Quando os três chegaram ao local do ensaio, ainda não havia quase ninguém lá. O ensaio começaria às 17h, dali a uma hora e meia. Eles foram aos vestiários para encontrar sua amiga Silvana, uma morena linda de 1,70m e cabelos negros que caiam em cachos volumosos até a cintura. Este ano, ela seria a rainha da bateria. Ela sempre os recebia de braços abertos e com muitos beijos. Estava sempre empoleirada em saltos muito altos e muito finos. Margarida se imaginava em saltos e roupas como as dela.
Eles a encontraram fazendo a maquiagem. Ela estava maravilhosa! Usava roupas douradas e sandálias da mesma cor. Havia penas por todos os lados e brilho, muito brilho. Brilho no corpo, nas roupas, nas penas, no rosto. Assim que Silvana os viu na porta do quartinho, levantou-se e veio em pequenos saltos alegres. Abaixou-se e os abraçou como de costume, distribuindo beijos, enquanto os apertava com os braços lisos.
- Juninho! Margarida! Eu estava com saudades de vocês. Vocês estão bem? – Eles assentiram com a cabeça. – Que bom! Agora, vão brincar lá fora que eu preciso terminar de me arrumar. Encontro vocês depois do ensaio, está bem?
Lá se foram os dois. Pegaram os vales-sopa e foram brincar nas árvores. Perto deles, algumas crianças da escola de Juninho brincavam de polícia-e-ladrão. No momento que viram Juninho, gritaram alguns insultos infantis e continuaram brincando. O menino fechou a cara e sentou-se num galho com os braços cruzados sobre o peito, uma perna encolhida e a outra pendurada. Margarida aproximou-se dele, sentando-se noutro galho. Ela se acomodou e tirou a flor do bolso para ficar admirando. Juninho notou seu gesto e começou a desfazer a cara amarrada. Quando ela percebeu que ele já estava alegre novamente, guardou a flor e o convidou para brincar.

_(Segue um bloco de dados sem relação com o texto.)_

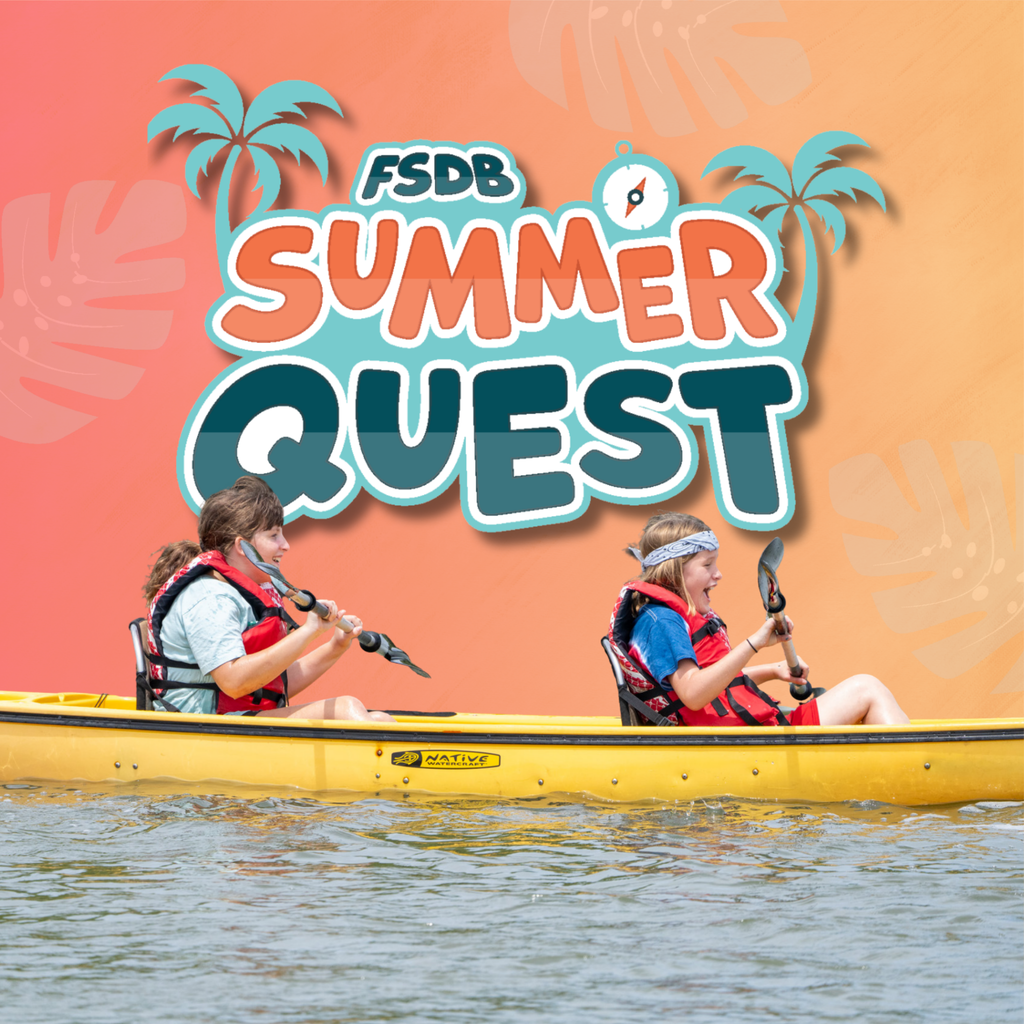 Two students kayaking at the FSDB Summer Quest.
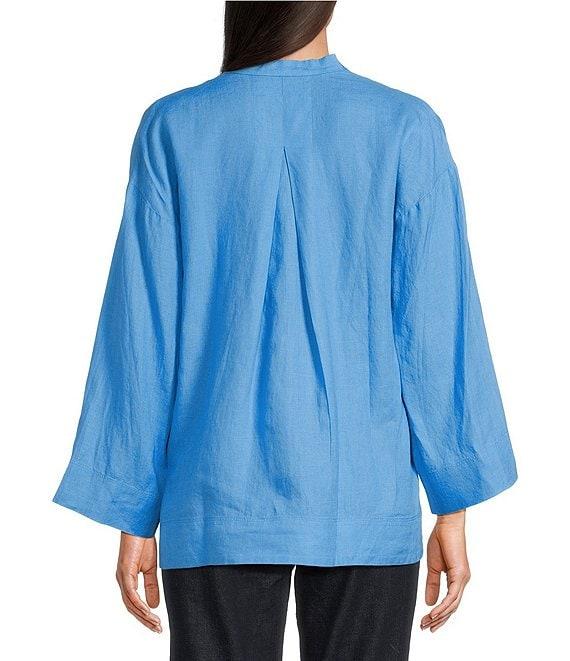 Eileen Fisher Organic Linen Mandarin Collar Long Sleeve Pop-Over Top Product Image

Depois de brincarem bastante, chegou a hora do ensaio. Deu o sinal e eles saíram correndo para conseguir um lugar. Conseguiram um lugar bem pertinho do desfile, onde Silvana passaria. O ensaio estava lindo! Juninho e Margarida estavam maravilhados. Parecia que nunca tinham visto um ensaio tão bonito e alegre. Na hora que Silvana passou, Margarida acenou para ela, seguida de Juninho, e a rainha da bateria piscou para eles. A menina com nome de flor não conseguia tirar o sorriso do rosto.
Foi um dia cansativo. Juninho chegou em casa quando o sol estava se pondo. Quase deixou sua irmã preocupada. Margarida correu para casa assim que avistou sua mãe na porta, a esperando. Amélia já foi mandando o irmão arrumar a mesa da janta e tirar as roupas do varal. Ele estava sem fome. Não porque a sopa o tinha alimentado, mas porque só conseguia pensar no samba-enredo que ouvira à tarde e como gostaria de estar tocando com a bateria. Ele foi recolher as roupas do varal cantarolando a música nova que aprendera. Dali a dois dias ele poderia pedir para sua irmã levá-lo ao desfile da cidade, onde ele poderia torcer pela sua escola favorita.